Crawled caption data:
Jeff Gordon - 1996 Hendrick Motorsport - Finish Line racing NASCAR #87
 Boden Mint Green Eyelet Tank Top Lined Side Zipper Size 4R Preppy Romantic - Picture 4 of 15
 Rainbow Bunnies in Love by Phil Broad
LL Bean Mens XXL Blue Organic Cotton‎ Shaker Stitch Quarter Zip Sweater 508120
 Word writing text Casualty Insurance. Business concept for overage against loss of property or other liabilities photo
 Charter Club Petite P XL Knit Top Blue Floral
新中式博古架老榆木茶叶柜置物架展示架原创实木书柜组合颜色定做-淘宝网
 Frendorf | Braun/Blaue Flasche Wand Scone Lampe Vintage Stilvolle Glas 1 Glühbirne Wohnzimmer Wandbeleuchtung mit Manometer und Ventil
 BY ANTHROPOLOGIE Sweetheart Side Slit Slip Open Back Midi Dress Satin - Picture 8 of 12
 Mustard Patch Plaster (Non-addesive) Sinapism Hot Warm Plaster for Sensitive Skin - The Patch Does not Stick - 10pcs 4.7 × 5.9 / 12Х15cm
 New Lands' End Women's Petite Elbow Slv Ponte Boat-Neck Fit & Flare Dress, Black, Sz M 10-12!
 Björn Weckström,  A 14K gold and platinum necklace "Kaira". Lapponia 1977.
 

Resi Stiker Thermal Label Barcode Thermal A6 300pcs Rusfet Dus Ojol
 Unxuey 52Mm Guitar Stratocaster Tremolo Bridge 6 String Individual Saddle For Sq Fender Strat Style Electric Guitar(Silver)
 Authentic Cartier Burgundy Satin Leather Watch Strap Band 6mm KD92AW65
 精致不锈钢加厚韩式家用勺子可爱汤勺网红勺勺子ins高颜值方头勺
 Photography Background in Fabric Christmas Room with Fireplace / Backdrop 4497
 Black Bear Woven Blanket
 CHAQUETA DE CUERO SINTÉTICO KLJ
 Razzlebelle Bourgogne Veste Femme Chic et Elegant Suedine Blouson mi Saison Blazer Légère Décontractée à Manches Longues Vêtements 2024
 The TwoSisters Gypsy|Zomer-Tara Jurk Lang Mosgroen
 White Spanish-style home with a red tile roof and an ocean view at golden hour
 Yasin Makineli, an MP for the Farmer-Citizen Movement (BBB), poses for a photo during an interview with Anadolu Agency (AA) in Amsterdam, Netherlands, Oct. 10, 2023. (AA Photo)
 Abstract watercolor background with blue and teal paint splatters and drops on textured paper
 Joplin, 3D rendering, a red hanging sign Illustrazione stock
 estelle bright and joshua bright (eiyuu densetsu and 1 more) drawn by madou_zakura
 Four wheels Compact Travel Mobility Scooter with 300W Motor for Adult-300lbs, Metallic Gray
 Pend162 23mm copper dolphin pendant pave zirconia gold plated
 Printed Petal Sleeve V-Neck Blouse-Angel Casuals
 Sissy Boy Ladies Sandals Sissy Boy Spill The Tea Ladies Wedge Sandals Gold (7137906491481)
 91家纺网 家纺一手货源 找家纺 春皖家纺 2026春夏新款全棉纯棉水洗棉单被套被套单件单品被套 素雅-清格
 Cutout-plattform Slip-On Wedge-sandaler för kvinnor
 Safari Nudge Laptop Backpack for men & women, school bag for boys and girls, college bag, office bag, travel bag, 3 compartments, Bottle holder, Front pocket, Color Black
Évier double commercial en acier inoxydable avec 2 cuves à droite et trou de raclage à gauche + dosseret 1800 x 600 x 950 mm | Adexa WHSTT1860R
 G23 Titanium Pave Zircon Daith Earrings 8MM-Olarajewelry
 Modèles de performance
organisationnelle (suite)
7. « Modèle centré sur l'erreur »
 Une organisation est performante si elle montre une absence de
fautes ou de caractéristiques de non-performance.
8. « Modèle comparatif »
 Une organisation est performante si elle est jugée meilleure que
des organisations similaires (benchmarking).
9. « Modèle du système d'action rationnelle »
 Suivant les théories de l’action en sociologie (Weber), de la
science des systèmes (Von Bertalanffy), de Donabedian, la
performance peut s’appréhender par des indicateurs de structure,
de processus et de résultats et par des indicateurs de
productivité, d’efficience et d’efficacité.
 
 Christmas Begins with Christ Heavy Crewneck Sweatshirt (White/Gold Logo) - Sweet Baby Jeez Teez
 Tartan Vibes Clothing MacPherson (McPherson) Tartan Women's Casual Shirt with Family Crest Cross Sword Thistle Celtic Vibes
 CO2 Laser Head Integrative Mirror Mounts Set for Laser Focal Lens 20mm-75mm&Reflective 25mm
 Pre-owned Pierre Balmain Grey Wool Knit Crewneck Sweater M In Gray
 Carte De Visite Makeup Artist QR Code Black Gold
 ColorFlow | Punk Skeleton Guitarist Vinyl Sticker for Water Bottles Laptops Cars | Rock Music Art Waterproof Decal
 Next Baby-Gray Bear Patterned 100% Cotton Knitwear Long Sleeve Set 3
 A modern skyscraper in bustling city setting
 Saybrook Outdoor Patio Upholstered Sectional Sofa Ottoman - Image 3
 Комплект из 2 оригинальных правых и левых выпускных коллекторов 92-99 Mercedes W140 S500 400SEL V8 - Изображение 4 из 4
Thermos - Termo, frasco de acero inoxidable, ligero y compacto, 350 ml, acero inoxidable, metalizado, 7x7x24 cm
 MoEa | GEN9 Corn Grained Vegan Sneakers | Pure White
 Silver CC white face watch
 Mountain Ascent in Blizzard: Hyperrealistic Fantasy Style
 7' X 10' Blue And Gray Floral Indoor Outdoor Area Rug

◆ **Try it**
Lines above with "Slip" in them are the ones to copy.

◆ **The answer**
 BY ANTHROPOLOGIE Sweetheart Side Slit Slip Open Back Midi Dress Satin - Picture 8 of 12
 Cutout-plattform Slip-On Wedge-sandaler för kvinnor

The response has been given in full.